Starting in 1 seconds..
Starting in 0 seconds..
Filesystem utilization for / at 5.57%
Inodes remaining for / = 22894403
Creating and switching to directory AccExCj3SuE..
Time: 00:00:17 |=================================================================| 100.00% (588.24 files per second) 10000 Files
----1/10----
Filesystem utilization for / at 5.64%
Inodes remaining for / = 22884402
Creating and switching to directory 74jxnmDdDaE..
Time: 00:00:17 |=================================================================| 100.00% (588.24 files per second) 10000 FilesINFO: Found 12 cores, setting the threads to 12.
INFO: Will use the directory: /opt/.
OK, changing directory to /opt/..
Starting in 3 seconds..
Starting in 2 seconds..
Starting in 1 seconds..
Starting in 0 seconds..
----AUTO Mode: 1----
Filesystem utilization for / at 5.75%
Inodes remaining for / = 22866508
Creating and switching to directory wRVy3R-Qp-I..
INFO: will create 44785 files
Time: 00:00:09 |================ | 97.78% (4866.11 files per second) 43795 Files
----AUTO Mode: 2----
Filesystem utilization for / at 6.08%
Inodes remaining for / = 22821722
Creating and switching to directory kKmtYVPaPx4..
INFO: will create 6982 files
Time: 00:00:01 |================= | 98.49% (6877.00 files per second) 6877 Files
----AUTO Mode: 3----
Filesystem utilization for / at 6.13%
Inodes remaining for / = 22814739
Creating and switching to directory -FmCH8-dgz0..
INFO: will create 42170 files
Time: 00:00:07 |================ | 99.37% (5987.43 files per second) 41912 Files

See the Filesystem utilization for / at 6.13% line ? "AUTO" mode will keep going until it hits 95%. That's going to be a lot of files!

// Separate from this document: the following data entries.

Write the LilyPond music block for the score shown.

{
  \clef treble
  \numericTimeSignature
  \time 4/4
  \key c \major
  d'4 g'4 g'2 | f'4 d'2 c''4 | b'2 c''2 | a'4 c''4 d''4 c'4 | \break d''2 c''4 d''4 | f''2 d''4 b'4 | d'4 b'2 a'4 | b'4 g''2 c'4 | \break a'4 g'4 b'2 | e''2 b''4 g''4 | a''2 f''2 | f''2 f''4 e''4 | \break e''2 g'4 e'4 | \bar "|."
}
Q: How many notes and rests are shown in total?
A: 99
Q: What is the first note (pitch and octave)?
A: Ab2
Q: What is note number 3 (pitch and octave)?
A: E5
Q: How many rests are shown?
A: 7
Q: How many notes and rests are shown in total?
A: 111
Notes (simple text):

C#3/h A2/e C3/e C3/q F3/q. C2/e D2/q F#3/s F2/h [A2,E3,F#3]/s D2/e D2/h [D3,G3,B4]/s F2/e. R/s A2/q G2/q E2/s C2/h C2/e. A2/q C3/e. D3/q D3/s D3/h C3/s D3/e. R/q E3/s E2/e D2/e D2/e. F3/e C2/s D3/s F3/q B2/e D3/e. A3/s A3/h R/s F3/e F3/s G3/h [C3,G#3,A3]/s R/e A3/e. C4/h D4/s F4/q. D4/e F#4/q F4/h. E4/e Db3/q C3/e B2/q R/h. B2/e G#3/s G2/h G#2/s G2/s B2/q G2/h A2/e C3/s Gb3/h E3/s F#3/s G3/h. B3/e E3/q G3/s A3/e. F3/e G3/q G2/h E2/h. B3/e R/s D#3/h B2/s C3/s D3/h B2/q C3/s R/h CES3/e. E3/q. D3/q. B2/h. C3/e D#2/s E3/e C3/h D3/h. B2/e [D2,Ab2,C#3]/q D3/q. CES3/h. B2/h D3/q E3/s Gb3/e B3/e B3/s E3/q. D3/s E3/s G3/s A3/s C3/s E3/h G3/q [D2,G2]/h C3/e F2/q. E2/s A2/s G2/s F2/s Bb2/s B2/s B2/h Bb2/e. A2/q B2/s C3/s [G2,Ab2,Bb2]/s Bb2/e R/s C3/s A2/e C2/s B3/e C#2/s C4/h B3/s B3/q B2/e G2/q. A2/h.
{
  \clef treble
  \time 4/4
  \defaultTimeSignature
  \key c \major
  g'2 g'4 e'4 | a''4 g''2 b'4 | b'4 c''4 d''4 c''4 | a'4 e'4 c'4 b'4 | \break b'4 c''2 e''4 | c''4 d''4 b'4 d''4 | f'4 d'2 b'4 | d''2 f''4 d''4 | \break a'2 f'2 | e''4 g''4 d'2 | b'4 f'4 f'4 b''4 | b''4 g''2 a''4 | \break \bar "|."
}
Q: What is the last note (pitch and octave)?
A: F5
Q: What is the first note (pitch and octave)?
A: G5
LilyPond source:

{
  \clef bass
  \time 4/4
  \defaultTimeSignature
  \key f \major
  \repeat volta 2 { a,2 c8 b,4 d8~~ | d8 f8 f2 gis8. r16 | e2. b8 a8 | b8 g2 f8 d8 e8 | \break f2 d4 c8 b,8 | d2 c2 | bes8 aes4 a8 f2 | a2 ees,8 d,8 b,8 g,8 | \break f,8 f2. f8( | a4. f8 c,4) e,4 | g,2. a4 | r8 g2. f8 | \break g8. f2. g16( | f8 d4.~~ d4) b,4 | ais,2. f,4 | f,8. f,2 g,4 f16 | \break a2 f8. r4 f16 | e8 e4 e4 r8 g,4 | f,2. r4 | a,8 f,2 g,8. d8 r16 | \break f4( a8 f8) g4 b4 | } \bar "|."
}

Besides the script output above you can use the command df -i to see the inodes utilization:

df -i
Filesystem Inodes IUsed IFree IUse% Mounted on
/dev/sda1 22937600 283003 22654597 2% /
tmpfs 4109995 1 4109994 1% /dev/shm

Tons of fun!

Notes about performance:

On the same system (12 cores) it took MRI Ruby under 187 seconds to create 100k files, while it took Jruby 28 seconds - an 85% difference without any modifications to the code.